April 23 (SeeNews) - Erste Group expects foreign investors’ interest in Serbian government paper issues to remain strong in the mid-run, as yields will stay attractive, the Austria-based banking group said.
The lower, but still attractive yields on domestic and international papers, accompanied by stable inflation, a more favourable fiscal performance and positive tones from rating agencies are supportive for the overall demand for Serbian Treasury bonds, Erste said in a quarterly bond market report on the countries in Central and Eastern Europe (CEE) published last week.

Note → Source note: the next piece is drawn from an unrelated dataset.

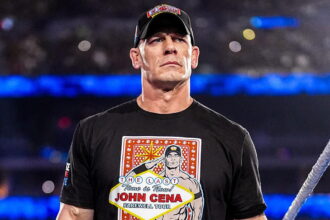John Cena Names Who He Believes Is ‘The GOAT’ Wrestler Turned Actor
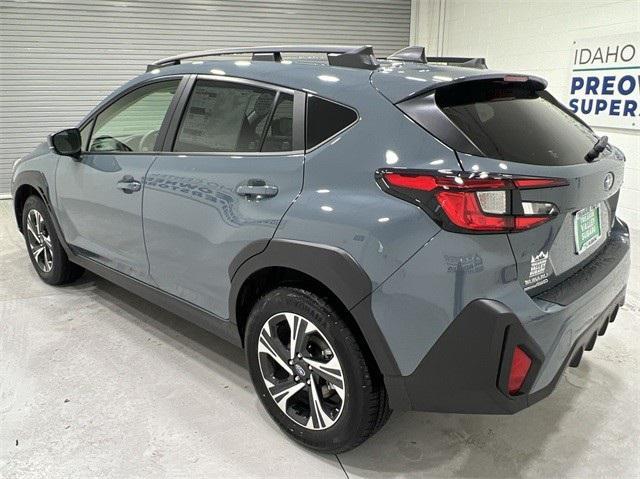 new 2024 Subaru Crosstrek car, priced at $31,422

The Serbian debt agency is expected to keep a similar issuance pattern and continue with all activities aimed at the development of the longer end of the benchmark yield curve, Erste said. "The most interesting story will be the financing of the $1 billion (818 million euro) Eurobond maturing in the fourth quarter of 2018, as it is still not clear whether the government will try to take advantage of the favorable conditions and tap the international markets or stick to the current strategy of lowering the external part of public debt."
Eurobond issuance is planned in the 2018 budget again, but experience in the last few years shows that Serbia usually skips the issuance, despite the adopted financing plan, Erste said.
The Serbian yield of local currency bonds maturing in 2023 is expected to move towards 4.5% during the year, with upside pressure coming from benchmark yield developments, while spreads should remain relatively unchanged, the bank noted. "We expect to switch our forecasts for the benchmark yield to the newly introduced ten-year dinar-denominated bond as of our next bond report."
After the Serbian central bank, the NBS, surprised the markets by cutting the key rate to 3.00% in April, Erste expects the monetary policy tone to remain unchanged during the year, as the currently lower inflation rates are mostly a result of a high base effect and not a lack of demand. Therefore, additional support for yield developments from the monetary policy side is not foreseen. Inflation is expected to gradually accelerate in the second half of the year, when the base effect starts to fade out.
NBS said earlier this month it decided to cut its key repo rate to 3.00% from 3.25%, based on projections of slowing inflation in the coming period. The inflation rate is expected to stay at the current level for the coming months, but to gradually approach the middle of the 1.5%-4.5% target band in the next two years, NBS said.